───── Exercise material

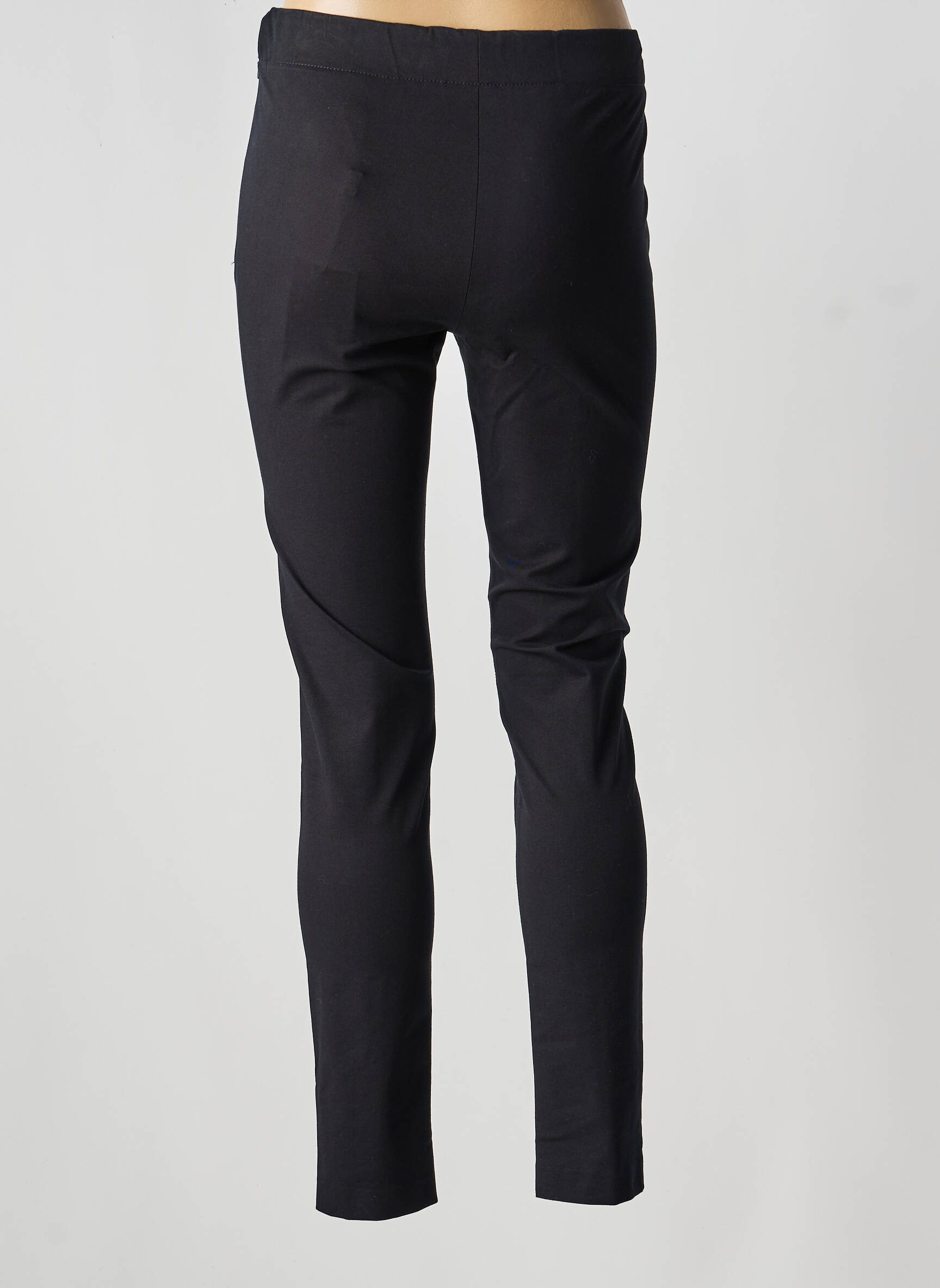 Pantalon slim elasticitate mărime normală negru LACOSTE femeie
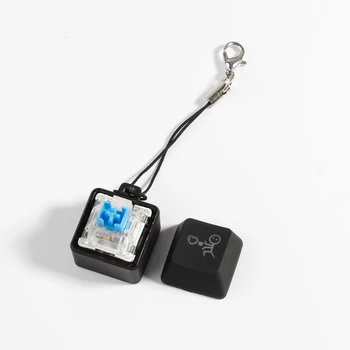 1PC RGB LED Jungiklis Testeriai Mechaninė Klaviatūra Keycap Keychain Įtempių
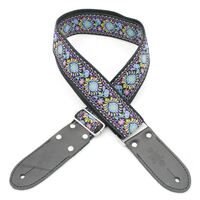 DSL JAC20 Jacquard Weaving Guitar Strap TUK Purple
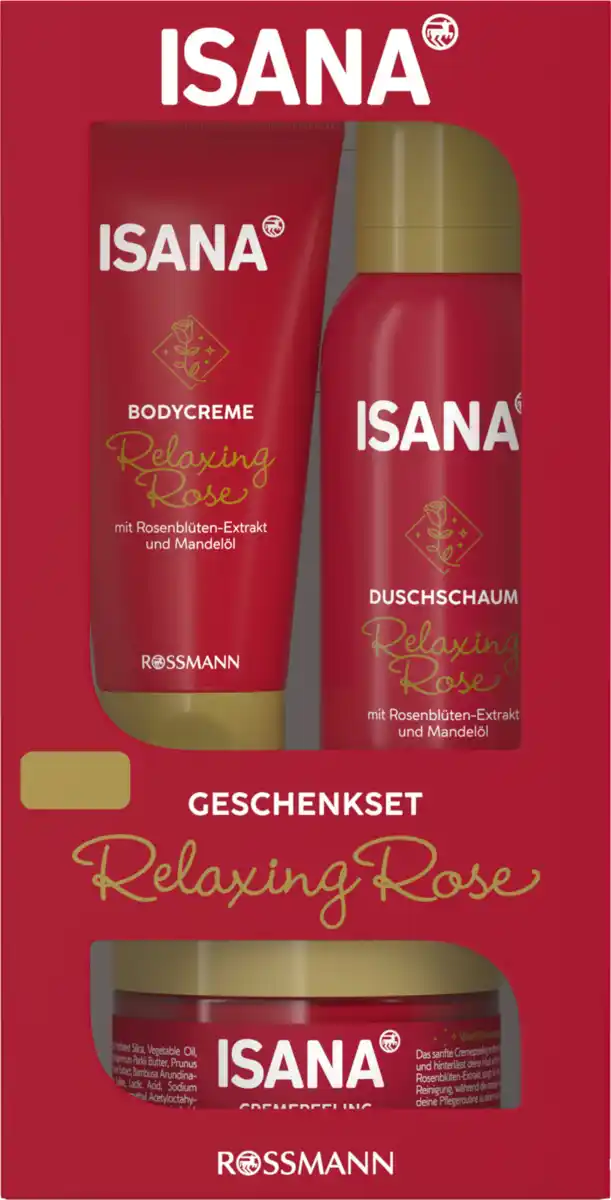 Bild 1 von ISANA Relaxing Rose Pflege Geschenkset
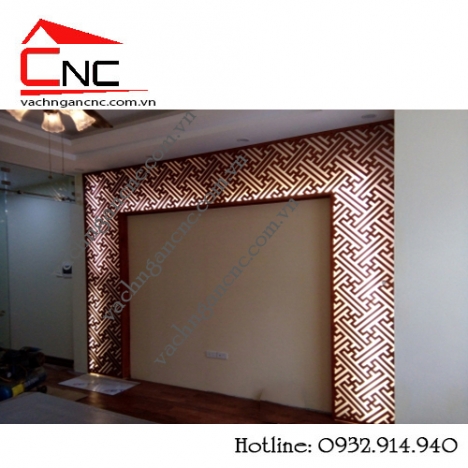 Tất tần tật những vách ngăn cnc đẹp giữa phòng khách và phòng thờ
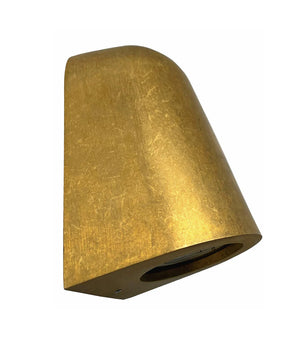 TORQUE Exterior GU10/MR16 Antique Brass Surface Mounted Cone Wall Lights IP65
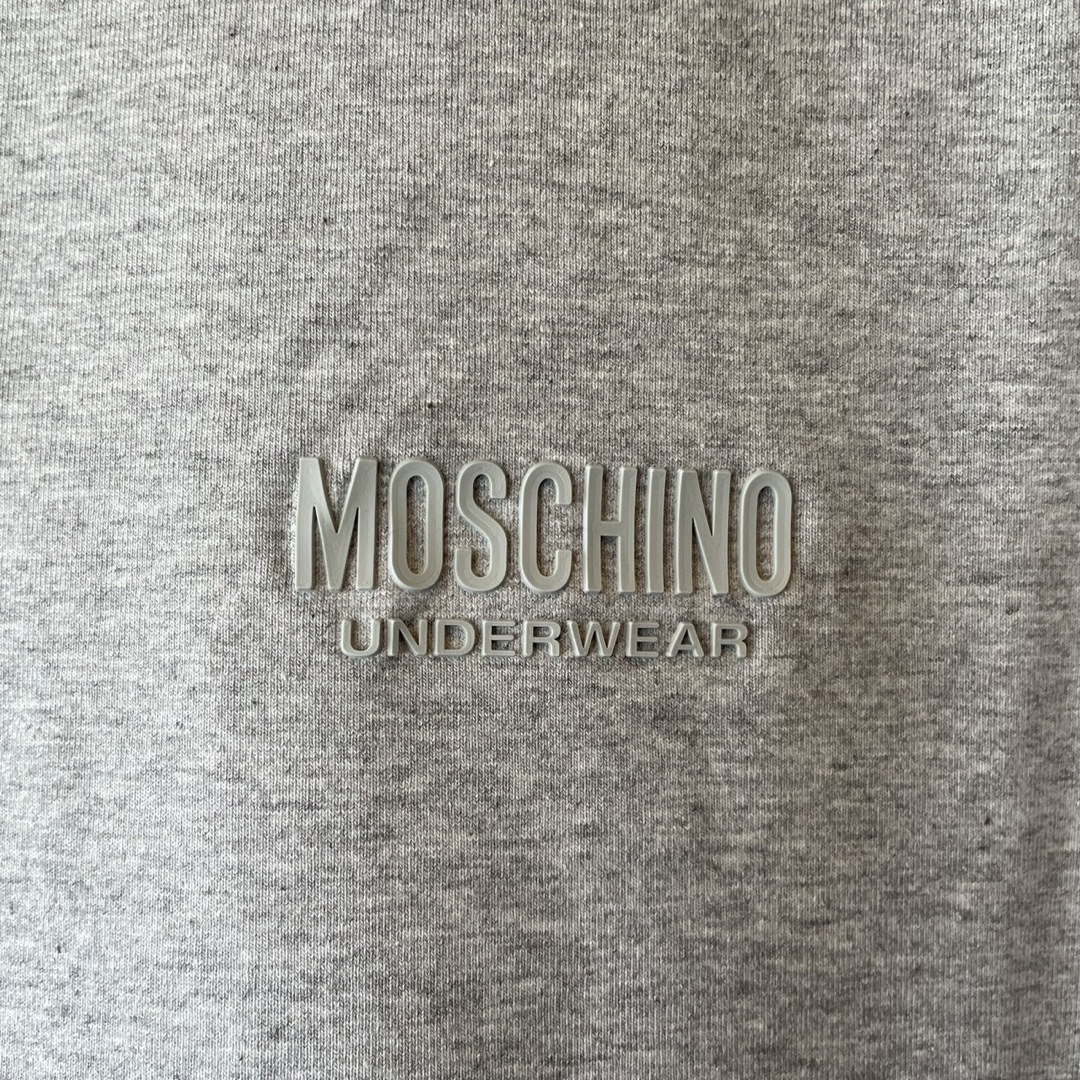 MOSCHINO(モスキーノ)のMOSCHINO モスキーノ ロンT 長袖Tシャツ ストレッチ グレー S メンズのトップス(Tシャツ/カットソー(七分/長袖))の商品写真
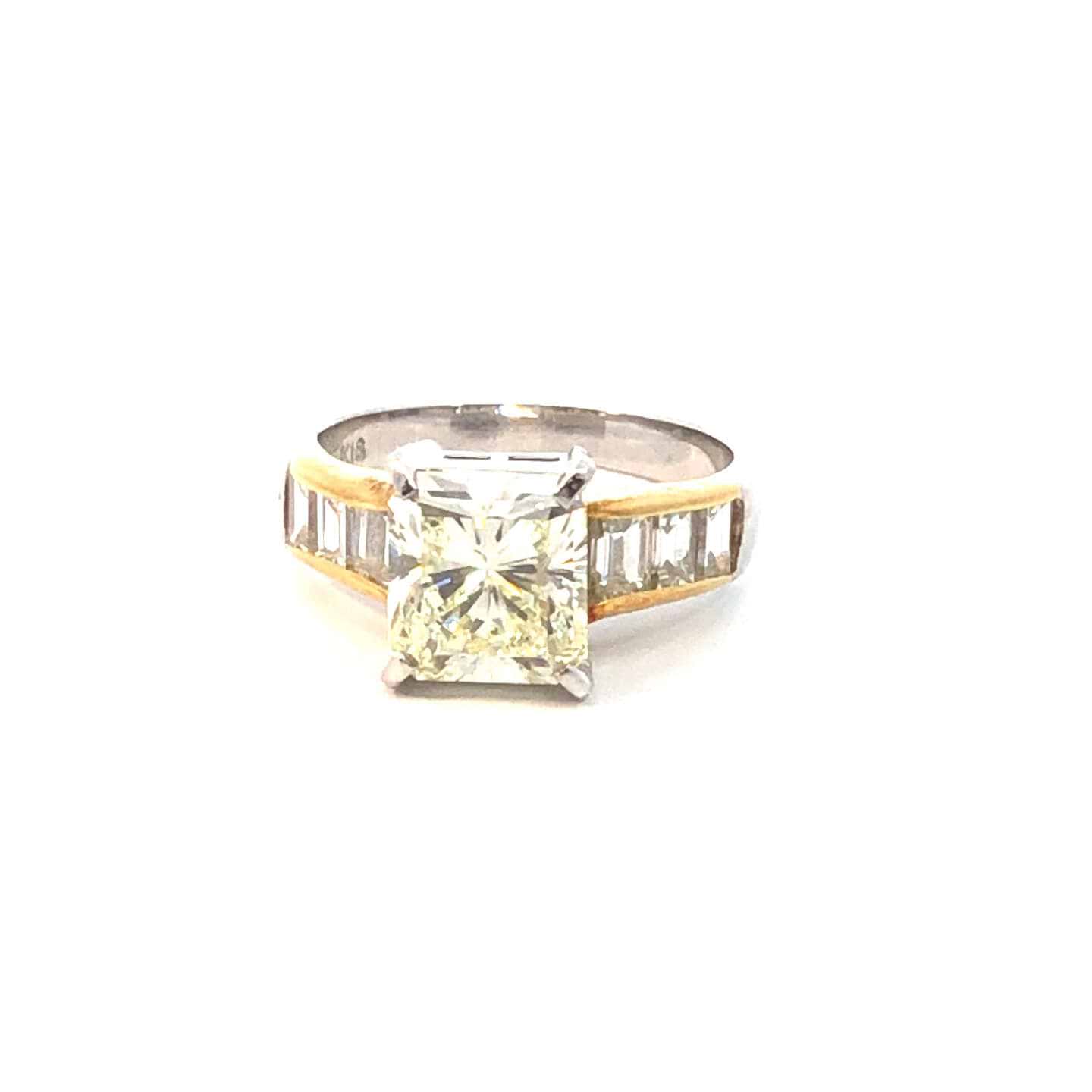 K18×Pt900×ダイヤモンドリング D2.775ct MD0.949ct の買取実績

──────────

Work request.
Setting the pictures aside, return exactly the lines from the line with "Tất tần tật" through the last line of the listing above.

Solution for this problem.
 Tất tần tật những vách ngăn cnc đẹp giữa phòng khách và phòng thờ
 TORQUE Exterior GU10/MR16 Antique Brass Surface Mounted Cone Wall Lights IP65
 MOSCHINO(モスキーノ)のMOSCHINO モスキーノ ロンT 長袖Tシャツ ストレッチ グレー S メンズのトップス(Tシャツ/カットソー(七分/長袖))の商品写真
 K18×Pt900×ダイヤモンドリング D2.775ct MD0.949ct の買取実績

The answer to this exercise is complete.